Ausgabe 8 - 2011
Licht und Schatten
Die in diesem Jahr vorgelegten Geschäftsberichte der börsennotierten Unternehmen spiegeln erstmals die Umsetzung neuer Vergütungsrichtlinien wider. Das Ergebnis: viel Licht, aber auch reichlich Schatten.
Die Finanz- und Wirtschaftskrise hat Aspekte der Vergütung von Fach- und Führungskräften stärker denn je in das Zentrum der öffentlichen Aufmerksamkeit gerückt. Ungeachtet der Tatsache, dass die deutliche Mehrheit der börsennotierten Unternehmen in Deutschland eher Betroffene als Auslöser dieser Krise waren, wurden im August 2009 mit dem Gesetz zur Angemessenheit der Vorstandsvergütung (VorstAG) und der Überarbeitung des Deutschen Corporate Governance Kodex (DCGK) Anforderungen erlassen, die Höhe und Ausgestaltung, Festlegung sowie Transparenz der Vergütung von Vorstandsmitgliedern detailliert regeln. In den Geschäfts- beziehungsweise Vergütungsberichten für das Geschäftsjahr 2010 zeigen sich nun die Umsetzungserfolge.
Hinsichtlich des individuellen Ausweises von Vergütungen für den Vorstand oder die Geschäftsleitung kommen die Dax-Unternehmen den entsprechenden Anforderungen des Kapitalmarkts nahezu vollständig nach. Während von den 50 MDax-Unternehmen noch 13 Gesellschaften den individuellen Vergütungsausweis mit einem Aktionärsbeschluss vermeiden, ist es im Dax mit Heidelberg Cement gerade noch ein Unternehmen, das diese Sonderrolle beansprucht, für 2011 aber auch eine Abkehr von dieser Praxis angekündigt hat.

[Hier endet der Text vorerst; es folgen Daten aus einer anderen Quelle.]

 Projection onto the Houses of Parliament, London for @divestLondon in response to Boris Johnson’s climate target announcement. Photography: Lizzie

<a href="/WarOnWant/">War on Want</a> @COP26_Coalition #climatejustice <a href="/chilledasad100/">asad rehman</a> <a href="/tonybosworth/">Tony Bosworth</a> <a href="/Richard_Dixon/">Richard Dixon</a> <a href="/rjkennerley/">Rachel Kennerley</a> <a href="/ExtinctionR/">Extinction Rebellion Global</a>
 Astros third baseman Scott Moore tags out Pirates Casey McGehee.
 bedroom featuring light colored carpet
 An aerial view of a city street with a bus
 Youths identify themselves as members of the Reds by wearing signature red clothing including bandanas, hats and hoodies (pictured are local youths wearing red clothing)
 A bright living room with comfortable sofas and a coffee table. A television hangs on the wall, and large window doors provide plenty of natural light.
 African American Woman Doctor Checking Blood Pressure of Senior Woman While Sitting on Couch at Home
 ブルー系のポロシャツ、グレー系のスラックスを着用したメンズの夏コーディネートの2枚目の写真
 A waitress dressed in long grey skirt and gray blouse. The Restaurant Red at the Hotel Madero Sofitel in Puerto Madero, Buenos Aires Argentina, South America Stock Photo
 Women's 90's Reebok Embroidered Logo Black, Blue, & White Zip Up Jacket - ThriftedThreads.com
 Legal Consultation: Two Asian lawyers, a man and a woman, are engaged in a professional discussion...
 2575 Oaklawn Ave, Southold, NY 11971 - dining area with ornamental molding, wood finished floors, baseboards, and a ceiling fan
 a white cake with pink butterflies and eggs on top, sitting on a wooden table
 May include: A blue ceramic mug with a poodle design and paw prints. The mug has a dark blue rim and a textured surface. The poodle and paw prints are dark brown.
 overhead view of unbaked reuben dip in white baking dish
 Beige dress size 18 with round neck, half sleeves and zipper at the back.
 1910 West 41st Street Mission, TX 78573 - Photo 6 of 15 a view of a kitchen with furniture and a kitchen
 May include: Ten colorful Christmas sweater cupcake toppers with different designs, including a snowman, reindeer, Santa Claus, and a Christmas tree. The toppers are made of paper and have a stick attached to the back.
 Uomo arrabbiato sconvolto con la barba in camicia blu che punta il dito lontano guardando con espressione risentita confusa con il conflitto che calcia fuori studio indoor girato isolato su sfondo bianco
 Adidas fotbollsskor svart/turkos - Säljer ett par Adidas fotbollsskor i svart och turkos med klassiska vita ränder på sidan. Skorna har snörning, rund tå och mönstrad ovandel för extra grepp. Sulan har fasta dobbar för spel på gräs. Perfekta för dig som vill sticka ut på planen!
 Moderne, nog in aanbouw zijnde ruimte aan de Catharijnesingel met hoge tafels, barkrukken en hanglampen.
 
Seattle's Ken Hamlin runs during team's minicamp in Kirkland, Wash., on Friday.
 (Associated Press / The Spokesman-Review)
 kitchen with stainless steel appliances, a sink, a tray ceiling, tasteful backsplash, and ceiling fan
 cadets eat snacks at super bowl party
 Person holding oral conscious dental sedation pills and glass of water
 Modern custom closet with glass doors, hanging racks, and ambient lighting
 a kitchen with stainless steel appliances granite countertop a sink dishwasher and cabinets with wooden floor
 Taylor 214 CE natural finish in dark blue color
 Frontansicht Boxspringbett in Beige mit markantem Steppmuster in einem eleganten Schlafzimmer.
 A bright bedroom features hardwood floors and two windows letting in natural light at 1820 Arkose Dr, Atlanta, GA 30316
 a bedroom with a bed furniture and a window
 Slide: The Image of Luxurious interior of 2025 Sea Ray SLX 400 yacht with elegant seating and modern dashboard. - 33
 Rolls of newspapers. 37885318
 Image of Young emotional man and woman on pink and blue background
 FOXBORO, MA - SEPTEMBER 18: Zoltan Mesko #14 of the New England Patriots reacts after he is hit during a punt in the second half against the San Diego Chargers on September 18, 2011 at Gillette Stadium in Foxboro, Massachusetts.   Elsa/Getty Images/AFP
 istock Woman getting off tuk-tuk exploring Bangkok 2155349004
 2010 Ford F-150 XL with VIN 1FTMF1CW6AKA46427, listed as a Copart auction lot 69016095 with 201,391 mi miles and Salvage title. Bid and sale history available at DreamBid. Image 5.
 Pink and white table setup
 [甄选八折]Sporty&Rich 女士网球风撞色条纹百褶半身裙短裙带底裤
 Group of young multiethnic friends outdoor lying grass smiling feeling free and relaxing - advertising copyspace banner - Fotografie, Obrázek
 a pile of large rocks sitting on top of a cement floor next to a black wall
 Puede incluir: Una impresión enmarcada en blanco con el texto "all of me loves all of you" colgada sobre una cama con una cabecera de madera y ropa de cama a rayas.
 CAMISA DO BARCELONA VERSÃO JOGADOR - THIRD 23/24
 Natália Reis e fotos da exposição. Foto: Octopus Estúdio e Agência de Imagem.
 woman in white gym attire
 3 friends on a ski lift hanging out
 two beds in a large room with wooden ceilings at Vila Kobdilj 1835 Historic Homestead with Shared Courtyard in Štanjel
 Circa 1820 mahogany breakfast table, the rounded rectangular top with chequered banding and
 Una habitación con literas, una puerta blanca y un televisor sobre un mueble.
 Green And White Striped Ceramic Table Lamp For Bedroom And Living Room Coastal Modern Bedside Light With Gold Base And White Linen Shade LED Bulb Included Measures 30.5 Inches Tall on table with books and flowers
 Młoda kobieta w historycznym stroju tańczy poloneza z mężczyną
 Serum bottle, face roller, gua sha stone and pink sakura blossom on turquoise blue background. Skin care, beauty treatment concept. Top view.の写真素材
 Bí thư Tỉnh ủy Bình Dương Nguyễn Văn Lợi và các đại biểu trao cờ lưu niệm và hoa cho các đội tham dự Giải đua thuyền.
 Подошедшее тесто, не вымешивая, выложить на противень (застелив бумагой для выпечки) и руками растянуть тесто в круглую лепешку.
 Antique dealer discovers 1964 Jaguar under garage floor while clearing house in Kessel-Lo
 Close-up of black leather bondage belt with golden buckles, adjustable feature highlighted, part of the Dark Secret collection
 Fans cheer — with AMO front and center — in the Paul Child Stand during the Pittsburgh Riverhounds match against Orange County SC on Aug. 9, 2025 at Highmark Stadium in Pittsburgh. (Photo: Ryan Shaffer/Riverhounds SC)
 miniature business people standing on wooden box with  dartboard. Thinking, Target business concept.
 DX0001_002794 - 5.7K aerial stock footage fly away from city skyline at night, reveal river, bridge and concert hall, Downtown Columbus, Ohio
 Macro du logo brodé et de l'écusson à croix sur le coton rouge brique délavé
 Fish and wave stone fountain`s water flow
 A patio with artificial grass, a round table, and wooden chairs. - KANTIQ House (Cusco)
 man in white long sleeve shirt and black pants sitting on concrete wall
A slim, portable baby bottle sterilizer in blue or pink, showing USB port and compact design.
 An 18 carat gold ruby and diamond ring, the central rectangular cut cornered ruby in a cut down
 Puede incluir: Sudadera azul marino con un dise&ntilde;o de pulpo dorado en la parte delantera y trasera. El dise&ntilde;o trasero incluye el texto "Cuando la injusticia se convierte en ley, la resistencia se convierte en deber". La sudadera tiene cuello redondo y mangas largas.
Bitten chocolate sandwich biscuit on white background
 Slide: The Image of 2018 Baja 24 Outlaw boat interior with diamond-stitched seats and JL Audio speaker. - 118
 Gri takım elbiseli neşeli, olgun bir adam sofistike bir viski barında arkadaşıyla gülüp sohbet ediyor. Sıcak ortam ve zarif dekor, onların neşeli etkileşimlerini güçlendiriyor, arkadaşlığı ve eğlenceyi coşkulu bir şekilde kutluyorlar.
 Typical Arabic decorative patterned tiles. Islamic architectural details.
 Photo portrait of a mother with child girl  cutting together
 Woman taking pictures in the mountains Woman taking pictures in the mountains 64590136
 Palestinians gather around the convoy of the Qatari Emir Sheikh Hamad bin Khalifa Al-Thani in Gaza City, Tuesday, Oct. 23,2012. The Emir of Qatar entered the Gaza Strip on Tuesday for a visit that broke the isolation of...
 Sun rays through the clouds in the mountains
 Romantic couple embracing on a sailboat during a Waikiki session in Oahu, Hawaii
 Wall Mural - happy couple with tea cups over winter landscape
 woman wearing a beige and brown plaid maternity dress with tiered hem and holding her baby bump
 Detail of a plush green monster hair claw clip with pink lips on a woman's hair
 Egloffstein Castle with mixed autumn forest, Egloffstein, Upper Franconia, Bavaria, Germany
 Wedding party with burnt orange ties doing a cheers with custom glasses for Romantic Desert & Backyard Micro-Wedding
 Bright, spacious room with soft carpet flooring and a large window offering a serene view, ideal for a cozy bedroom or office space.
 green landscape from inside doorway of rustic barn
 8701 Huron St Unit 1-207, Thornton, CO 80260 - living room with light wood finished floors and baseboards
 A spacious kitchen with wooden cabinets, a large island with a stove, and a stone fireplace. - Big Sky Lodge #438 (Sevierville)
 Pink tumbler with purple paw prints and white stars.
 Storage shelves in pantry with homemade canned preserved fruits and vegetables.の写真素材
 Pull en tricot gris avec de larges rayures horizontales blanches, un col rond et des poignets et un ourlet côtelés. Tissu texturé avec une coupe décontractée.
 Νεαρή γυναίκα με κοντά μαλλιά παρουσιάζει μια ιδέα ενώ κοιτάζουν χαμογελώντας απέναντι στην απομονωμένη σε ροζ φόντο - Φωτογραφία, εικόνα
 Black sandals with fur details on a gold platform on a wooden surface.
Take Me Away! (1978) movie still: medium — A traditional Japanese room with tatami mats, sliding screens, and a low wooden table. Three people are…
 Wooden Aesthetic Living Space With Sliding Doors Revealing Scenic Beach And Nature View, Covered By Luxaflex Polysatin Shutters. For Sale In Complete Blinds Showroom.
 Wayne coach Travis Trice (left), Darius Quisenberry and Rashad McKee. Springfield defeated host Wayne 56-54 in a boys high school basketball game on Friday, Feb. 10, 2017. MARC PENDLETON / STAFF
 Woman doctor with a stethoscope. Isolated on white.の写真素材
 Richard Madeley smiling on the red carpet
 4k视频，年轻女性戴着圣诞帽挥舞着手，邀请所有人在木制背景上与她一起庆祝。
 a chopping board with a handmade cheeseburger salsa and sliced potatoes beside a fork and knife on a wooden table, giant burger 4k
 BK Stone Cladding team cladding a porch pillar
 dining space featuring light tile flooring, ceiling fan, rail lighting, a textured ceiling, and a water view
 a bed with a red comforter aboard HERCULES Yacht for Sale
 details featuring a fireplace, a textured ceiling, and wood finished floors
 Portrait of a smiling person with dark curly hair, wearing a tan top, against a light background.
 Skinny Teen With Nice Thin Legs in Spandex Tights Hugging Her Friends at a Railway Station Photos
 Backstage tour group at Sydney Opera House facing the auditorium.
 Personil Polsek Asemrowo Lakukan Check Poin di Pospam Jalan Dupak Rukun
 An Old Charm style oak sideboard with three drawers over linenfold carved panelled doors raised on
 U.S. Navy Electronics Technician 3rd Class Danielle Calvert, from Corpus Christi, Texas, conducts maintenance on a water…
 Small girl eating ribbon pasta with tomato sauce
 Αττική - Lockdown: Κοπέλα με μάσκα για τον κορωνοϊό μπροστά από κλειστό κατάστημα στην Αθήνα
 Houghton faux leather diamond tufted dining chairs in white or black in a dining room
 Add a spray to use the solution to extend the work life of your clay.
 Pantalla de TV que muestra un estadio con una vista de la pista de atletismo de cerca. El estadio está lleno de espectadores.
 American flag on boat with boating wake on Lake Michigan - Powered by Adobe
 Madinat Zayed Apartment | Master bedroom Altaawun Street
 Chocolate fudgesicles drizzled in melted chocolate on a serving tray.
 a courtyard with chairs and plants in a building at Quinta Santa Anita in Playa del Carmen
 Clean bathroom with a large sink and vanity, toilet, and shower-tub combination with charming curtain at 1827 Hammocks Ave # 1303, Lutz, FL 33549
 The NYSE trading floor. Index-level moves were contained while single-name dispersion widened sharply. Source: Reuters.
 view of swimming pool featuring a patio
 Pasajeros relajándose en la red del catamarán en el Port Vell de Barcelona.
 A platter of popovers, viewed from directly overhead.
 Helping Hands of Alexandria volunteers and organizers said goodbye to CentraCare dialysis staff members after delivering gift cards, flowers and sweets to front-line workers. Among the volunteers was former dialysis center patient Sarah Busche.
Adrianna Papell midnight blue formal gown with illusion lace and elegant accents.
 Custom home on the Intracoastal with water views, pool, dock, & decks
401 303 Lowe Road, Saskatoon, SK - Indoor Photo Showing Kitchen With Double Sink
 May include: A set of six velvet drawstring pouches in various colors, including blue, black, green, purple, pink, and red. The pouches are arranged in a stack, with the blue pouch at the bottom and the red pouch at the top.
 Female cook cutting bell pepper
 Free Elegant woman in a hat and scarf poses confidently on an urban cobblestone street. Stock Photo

Sofern Systeme und Höhen der Vorstandsvergütung ausgewiesen werden, sind die Vergütungsberichte oft schwer verständlich. Auch sind die darin enthaltenen Angaben kaum vergleichbar. Daran hat auch die Überarbeitung des Deutschen Rechnungslegungsstandards Nr. 17 (DRS 17) wenig geändert, die durch die im Rahmen des VorstAG geänderten Vorschriften zum Ausweis von Leistungen bei Beendigung der Vorstandstätigkeit notwendig geworden war. Gerade der durch das VorstAG angeregte Umbau der variablen Vergütungssysteme hin zu mehr Langfristigkeit und Nachhaltigkeit wird im Vergütungsausweis vollständig konterkariert. So werden aktienbasierte und nichtaktienbasierte Vergütungen, die wirtschaftlich genau gleich sind, weiterhin unterschiedlich ausgewiesen. Selbst für Experten wird es immer schwieriger, die Vergütungsberichte nachzuvollziehen, auch wenn die Dax-Unternehmen freiwillig viele Zusatzinformationen bereitgestellt haben.
Nachhaltigkeit erkannt
Grundsätzlich werden die neuen Anforderungen an Langfrist- und Risikoorientierung sowie Nachhaltigkeit durch die Unternehmen bereits großflächig umgesetzt. So sind signifikante Umschichtungen in den Vergütungskomponenten zu verzeichnen. Insbesondere wurde der auf jährlichen Ergebnissen beruhende und auf Jahresbasis ausbezahlte Kurzfristbonus durch mehrjährige Vergütungskomponenten ersetzt und ergänzt.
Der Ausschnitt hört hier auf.